Maui Eldorado is seen on June 24, 2024, in Lahaina, Hawaiʻi. (AP Photo/Mengshin Lin)

The report was commissioned by the Hawaiʻi Community Foundation. UHERO Executive Director Carl Bonham said the study’s role was solely examining the economic impacts of the county’s proposal, though he acknowledged there are other factors to consider in the decision-making process.

According to the report, property tax revenues could fall by up to $60 million annually by 2029 because of changes in tax class and decreasing valuations. General Excise Tax and Transient Accommodations Tax revenues would together drop another $15 million per year.

According to Maui County, there are about 15,000 short-term rentals in Maui County — the highest percentage relative to housing stock in the state — representing more than 20% of total housing stock.

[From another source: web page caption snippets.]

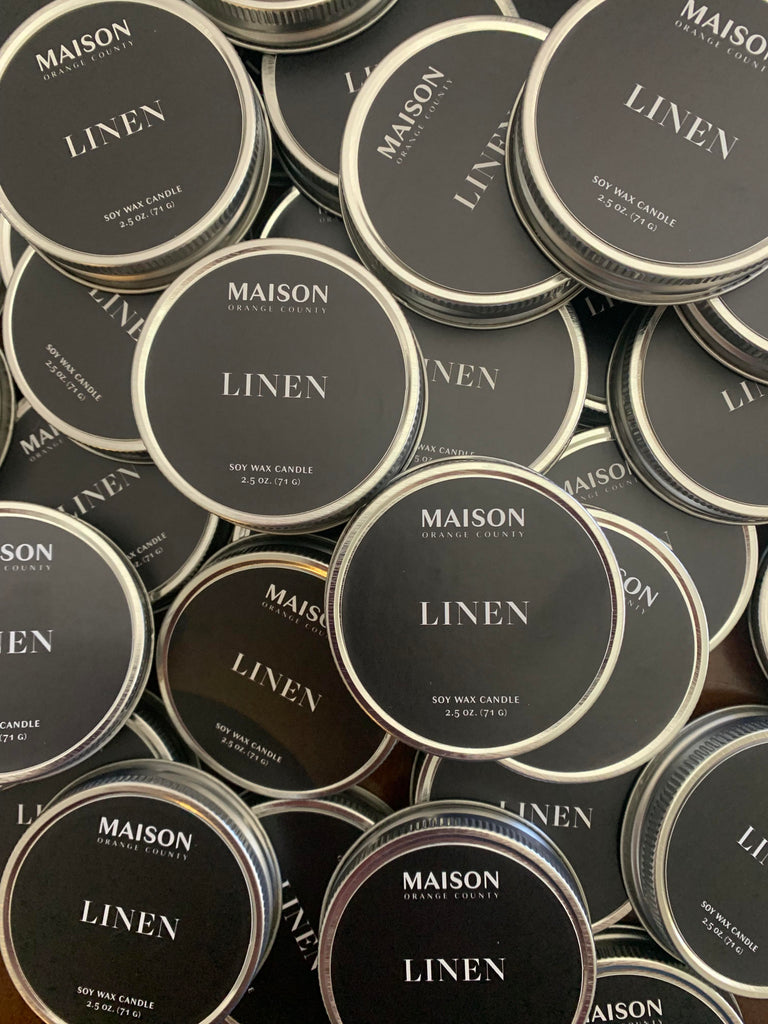 black labels on candle lids for a bulk candle order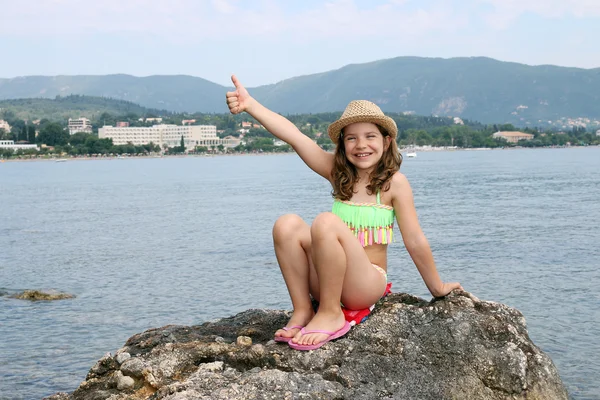 Felice bambina con il pollice alzato seduta su una roccia in riva al mare — Foto Stock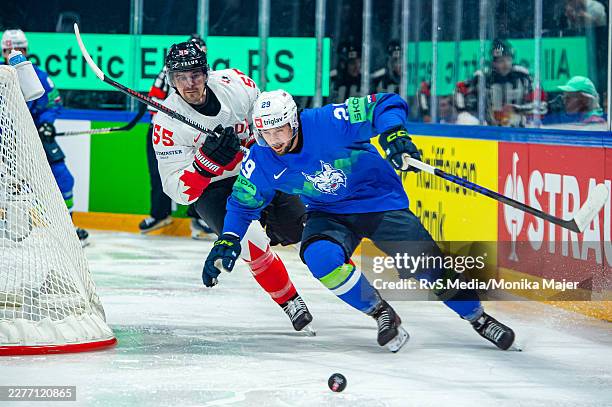 Aleksandar Magovac of Slovenia vies with Mark Scheifele of Canada during the 2026 IIHF Ice Hockey World Championship Switzerland game between Canada...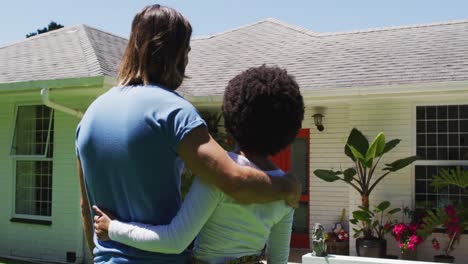 Rear-view-of-happy-mixed-race-couple-looking-at-their-new-house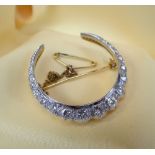 YELLOW & WHITE METAL DIAMOND CRESCENT BROOCH, set with nineteen graduated diamonds, 7.8gms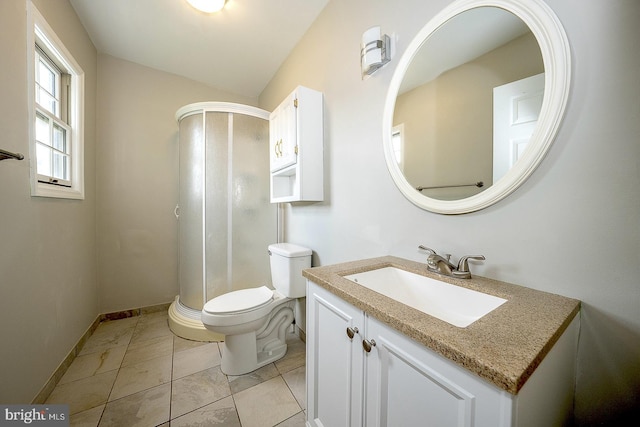 bathroom featuring vanity, a shower with shower door, and toilet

The impact is even more concentrated in certain areas, with this category making up roughly 50% of South Maui’s and 34% of West Maui’s housing inventory — where the impact of the phase-out proposal is focused.

Though there are a lot of impacts to consider, Gordner pointed out that inaction could also have damaging effects.

“There are also costs to doing nothing,” he stressed. “There’s a current situation of rent inflation, right? Housing prices are rising. It’s not a static environment, and the increasing cost of living is causing people to leave Maui County, which will also have economic impacts related to a decrease in, you know, economic activity and jobs and workers and so forth.”

The study also examined some alternatives to a full conversion of Minatoya properties.

“There are also some ways that we outlined that could potentially accommodate the same policy goal of half of TVRs becoming long-term rentals that could mitigate some of the trade-offs, including increasing property taxes on these units, or potentially auctioning licenses to operate a TVR in Maui County,” Gordner explained.

Bonham said it’s about weighing the pros and cons.

“There’s a hit to economic activity, there’s a hit to jobs, there’s a hit to income, and there are some gains in housing affordability,” he said. “So those trade-offs have to be decided by the policymakers.”

Bissen stressed the phase-out proposal is “one piece of a broader strategy to address our housing crisis.”

Short-term rentals strengthen the island’s overdependence on the visitor industry, the county said, while the economic benefits of TVRs largely benefit out-of-state investors.

Maui’s economic overreliance on tourism is a known risk, and continuing to cater to short-term rentals reinforces that vulnerability,” said Maui County spokesperson Laksmi Abraham in the county statement. “While TVRs may generate revenue, that revenue is not equitably distributed. Meanwhile, the strain on infrastructure, services, and community cohesion falls squarely on the people who live here full time.”

Ultimately, Bissen said, the county’s decision comes down to prioritizing the Maui community.

“This phase-out is not anti-tourism—it is pro-resident,” he said. “It aligns with our community plans, our zoning laws, and the clear, consistent message we’ve heard from the people of Maui: our residents must come first.”

The Maui County Council will ultimately decide on passage of the phase-out proposal — a discussion Bissen urged to be scheduled “as soon as possible.”